A family’s plea to East Bay serial killer: Reveal what you did to little Michaela

DUBLIN — At 64 years old, with a rap sheet full of sexual predation, mayhem, and murder, David Misch has nothing left to lose.

But the families of one of Misch’s three confirmed murder victims believe there’s still one thing he could do that could offer him a sliver of redemption: confess to the murder of 9-year-old Michaela Garecht, and end the search for the little girl’s body that has spanned more than 36 years.

There’s only one way for this monster to possibly salvage one piece of redemption and that is to admit what you did,” said Paul Duey, whose sister, Jennifer Duey, was murdered by Misch more than 39 years ago. “Not only to my sister and her friend but to everybody else that we don’t know about. And Michaela. Just admit it.”

Paul Duey made this statement back in January, when he and several other family members of Jennifer Duey and Michelle Xavier spoke in court. Xavier,  18, and Duey, 20, were best friends from high school whose nude bodies were found, shot and stabbed to death, in a remote part of Fremont on Feb. 1, 1986. Misch was implicated in the murders decades later and only convicted last October.

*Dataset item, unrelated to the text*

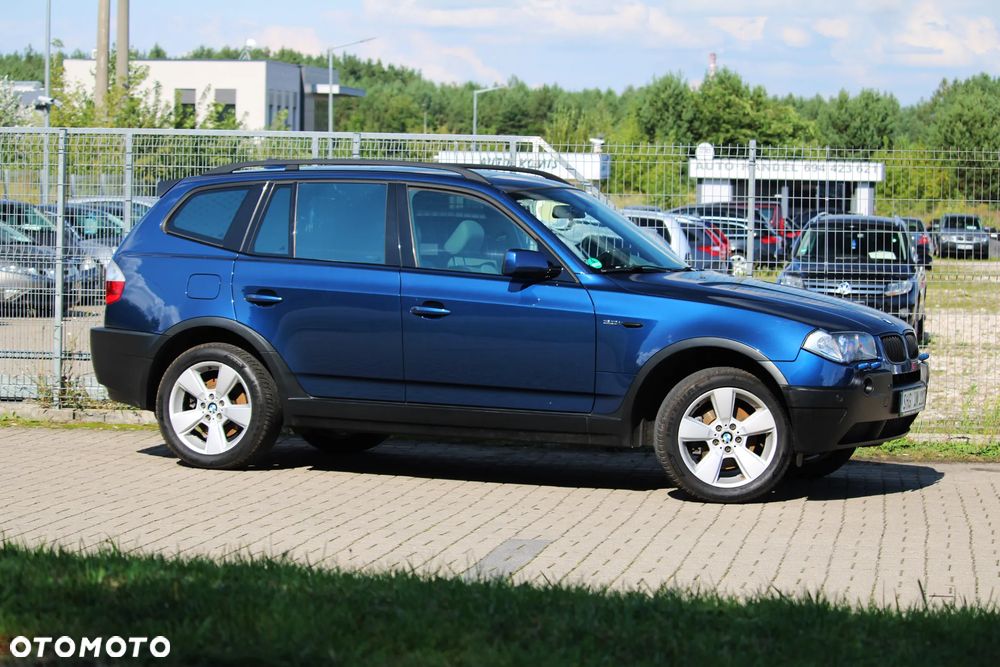 BMW X3 3.0i - 4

Misch was already serving a life sentence for a 1989 murder in 2018, when he was charged with Xavier and Duey’s killings. Two years later, prosecutors charged him with murdering Michaela too. Another of Jennifer Duey’s brothers, John Duey, seemed to doubt that Misch’s killings are limited to these four.

“He can fess up and let people know what his additional crimes led to and resolve them for people. That’s the one thing that he could possibly do,” John Duey said. “And it may be unlikely but I’m hopeful.”

Others at the sentencing advocated for harsh prison terms against Misch. Christine Xavier, Michelle’s mother, said she is “tormented” by knowing her daughter was stripped nude and stabbed in the throat by a man she called “pure evil.”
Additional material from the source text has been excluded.